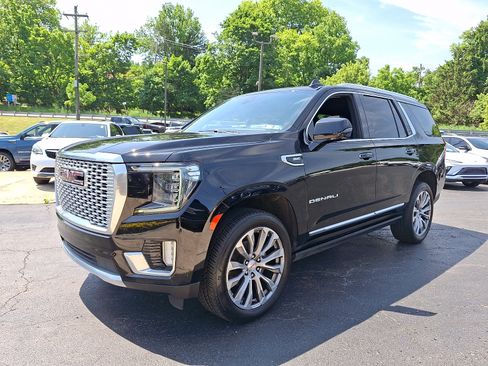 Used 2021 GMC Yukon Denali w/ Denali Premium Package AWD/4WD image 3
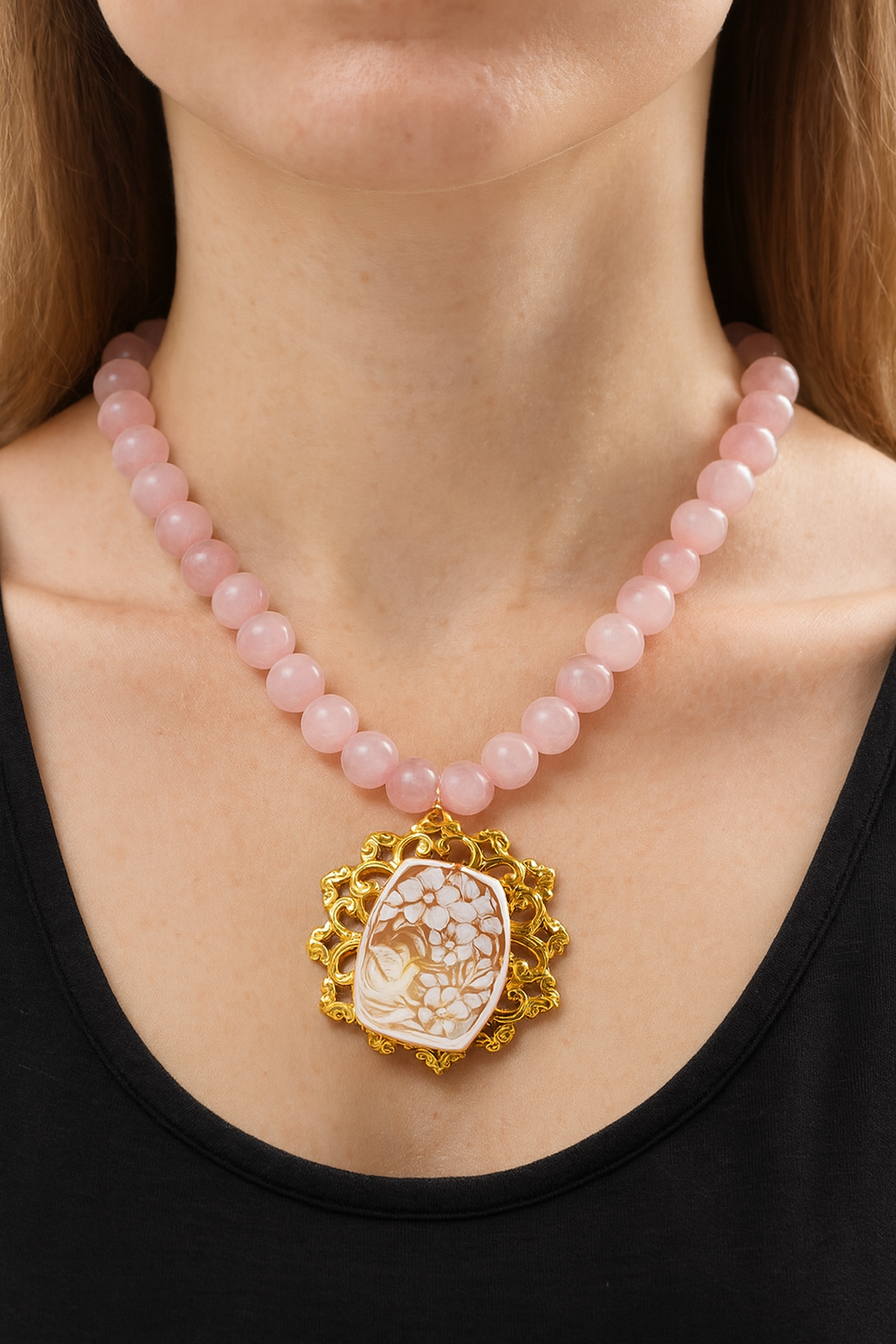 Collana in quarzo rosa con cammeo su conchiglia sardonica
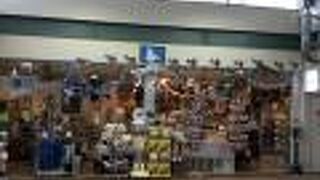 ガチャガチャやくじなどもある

...

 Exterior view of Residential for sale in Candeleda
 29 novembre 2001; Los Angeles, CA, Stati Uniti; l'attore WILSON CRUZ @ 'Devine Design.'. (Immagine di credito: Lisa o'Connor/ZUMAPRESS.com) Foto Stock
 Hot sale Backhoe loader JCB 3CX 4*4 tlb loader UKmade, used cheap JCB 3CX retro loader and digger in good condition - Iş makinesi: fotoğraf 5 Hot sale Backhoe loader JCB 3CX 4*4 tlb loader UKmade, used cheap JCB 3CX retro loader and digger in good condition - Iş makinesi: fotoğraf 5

— Activity —
Count up the lines containing "sale" in the listing above, then write that number and stop.

— Result of this exercise —
2